AD, not understanding how the stuff about lawyers' briefs and mortal sin had much to do with using an antigay slur as a way to insult Edwards - and the problem of course is not that it is an insult to Edwards.

And I also don't think that the use of such slurs (in this kind of context) is justified by the meaness of the sayings or doings of Tony Kushner, or Dan Savage, or Michael Savage, or Randy Savage.

Hey fellas, I remember having read a Zinn essay on Machiavelli. Well its on the web. Here is the link.


https://www.thirdworldtraveler.com/Zinn/Machiavelli_ForPol.html

I will simplify:

People are routinely insulted in public life. As a rule, it is not that important.

AD, never denied that. Its also not an excuse - or the end of the world.

Here's a good leftist critique of the leftist Zinn by Michael Kazin (I think he's the son of Alfred (?)--the Partisan review critic who wrote a decent historico-critical account of American lit called On Native Grounds).

https://www.dissentmagazine.org/article/?article=385

Michael's book on the populist persuasion is worth considering too.

I should read on what I post. I read this essay because of the initial post! I'm stupid that way.

"Well, the Church teaches that certain acts are mortal sins and certain acts are 'intrinsically evil' or 'intrinsically disordered'."

- Last time I checked, Christianity also teaches the following:

"Judge not lest ye be judged." - Matthew 7:1

I have not proposed that either 'Pete' or Ann Coulter be stoned to death.

Yeah, I was talking about your willingness to "assail" groups incongruous with your belief, as if you held such a station that enabled you to do so. I'm not for PC either, but there are reasons that it was instituted other than building elements of the left to a level which is "unassailable." Bigotry is one of them, for example.

BTW, you should brush up on Scripture. You quote from John.

Owl, there is such a thing as moral and ethical judgment of acts (as opposed to judgment of souls or essences of a person). Common life is impossible without it. If that makes me a 'bigot', so be it.

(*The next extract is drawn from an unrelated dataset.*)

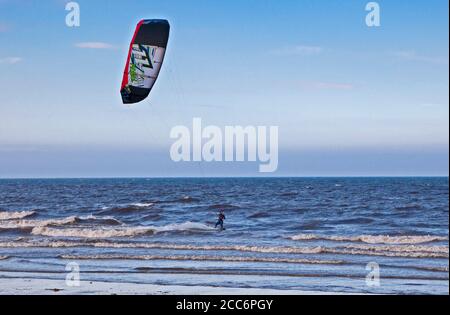 Portobello, Edinburgh, Scotland, UK. 19 August 2020. Windy afternoon blew the haze away which persisted in the morning with scattered spells of sunshine later. Wind 22 km/h with potential gusts of 42 km/h assisting this Kite Surfer. Stock Photo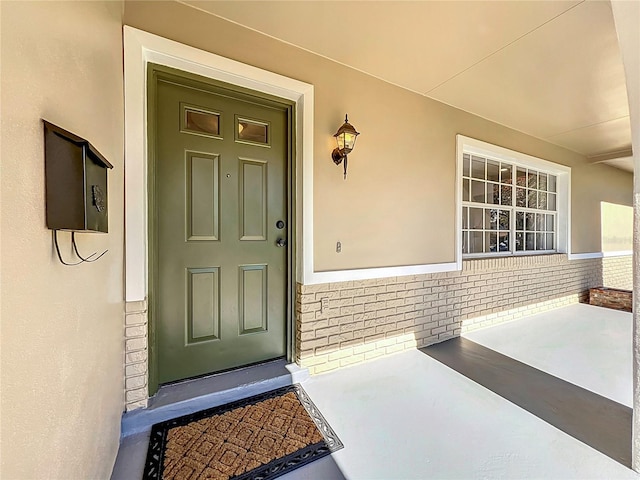 view of exterior entry featuring brick siding and stucco siding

I didn't say that you were a bigot -- I am just pointing out that PC wasn't just a liberal invention that popped up out of the blue. And come on -- there has got to be a more tasteful way of going about this. Each of us carries our own sins; some just happen to be more visible than others, especially in the case of Edwards, a political man.

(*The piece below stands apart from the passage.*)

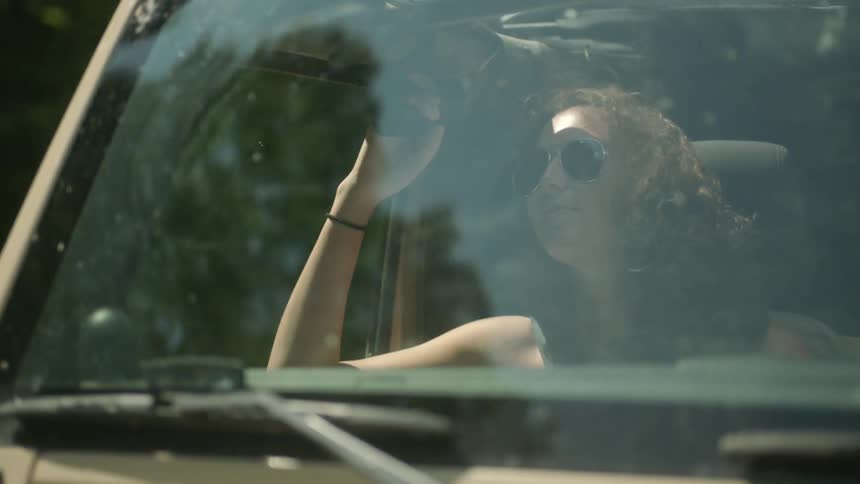 Woman riding in a car wearing sunglasses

And what exactly has moralizing in the sense that the GOP has gone about it done to help them politically? Bill Clinton wrought Governor Sanford, and would-be friends of the party now decry Republican hypocrisy.

Depending on how the Edwards situation is carried, the Republicans stand a chance of creating a not dissimilar situation. A more responsible response would be to let the watchdogs tear him apart, and then lament that a mere mortal let his vices dim literal self-government -- acknowledge that all men are open to such vile things -- and then prove to be better in deed.

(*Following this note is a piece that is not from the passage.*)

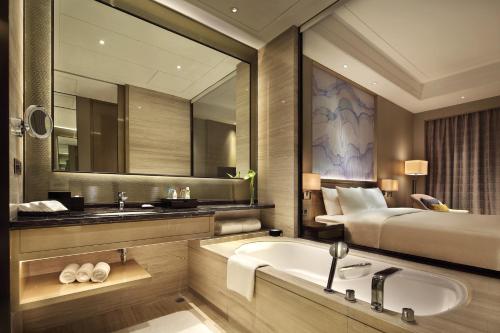 a bathroom with a bed and a sink and a tub at Wanda Realm Huangshi in Huangshi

I said we could be fairly laconic about Ann Coulter's tasteless jokes and that the sensibilities of homosexual men are not a matter so important that it calls for manufacturing categorical imperatives 'nothing could justify..." blah blah. How we got from there to your confused chatter about 'moralizing' I have not a clue. What the functional relationship is between Bill Clinton's sodomy kick indulged between 1975 and 1989 and an affair by Gov. Sanford a generation later I have not a clue. How we all got from a discussion of Howard Zinn's historiography to this mess I cannot understand either.

Happy trails.

Uh, no. You went off on your diatribe about how the last thing that we need are "more contrived p's and q's" (thus sanctioning Coulter's "joke"), reconstructed some right-wing conspiracy theory on the gay community, and then...here we are.